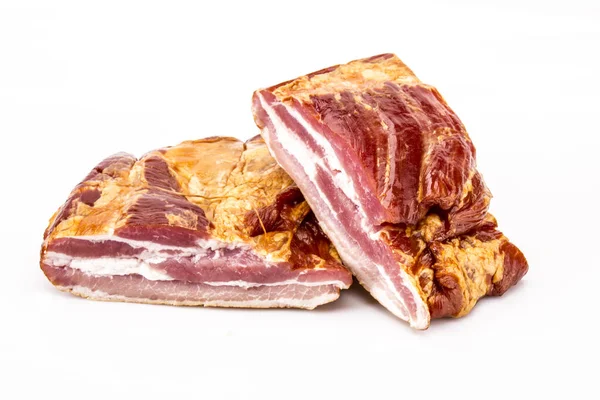 Rökt bacon. Kallt kött på vit botten. — Stockfoto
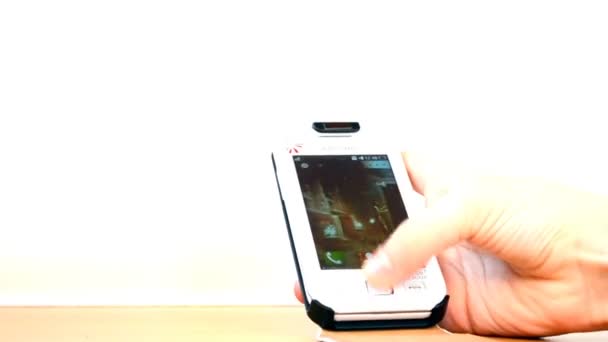 Mobiele Telefoon Hand Geïsoleerd Wit — Stockvideo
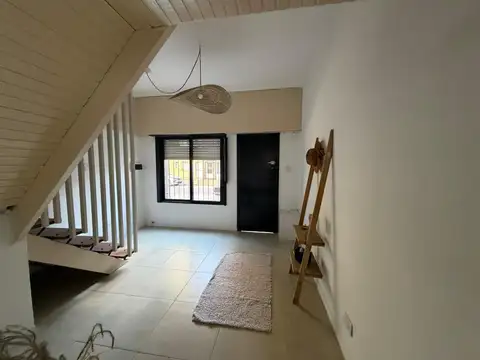 Depto Tipo Casa en Venta de 3 dormitorios
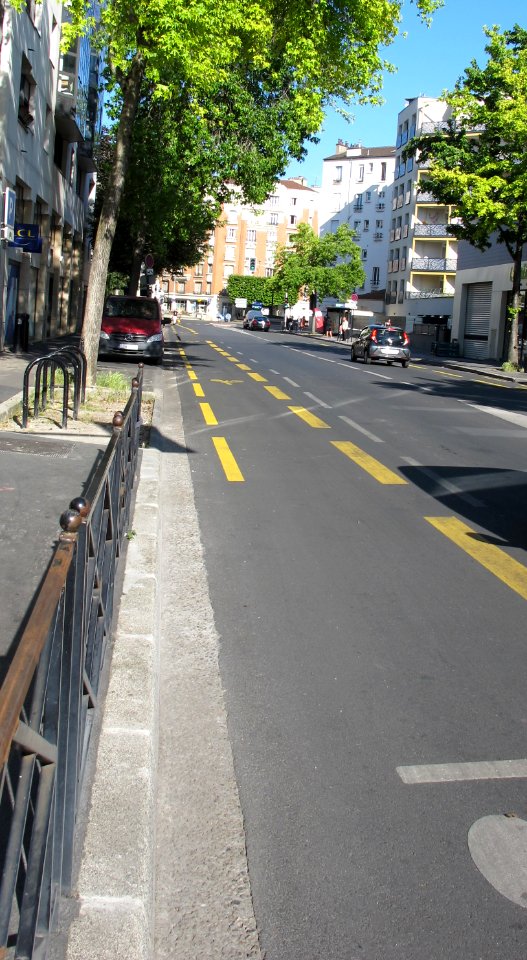 Piste cyclabe temporaire Courbevoie France-2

----

**TASK GOAL:** Retype each line of the listing above word for word. Exclude the pictures.

**RESULT FOR THIS TASK:**
 Rökt bacon. Kallt kött på vit botten. — Stockfoto
 Mobiele Telefoon Hand Geïsoleerd Wit — Stockvideo
 Depto Tipo Casa en Venta de 3 dormitorios
 Piste cyclabe temporaire Courbevoie France-2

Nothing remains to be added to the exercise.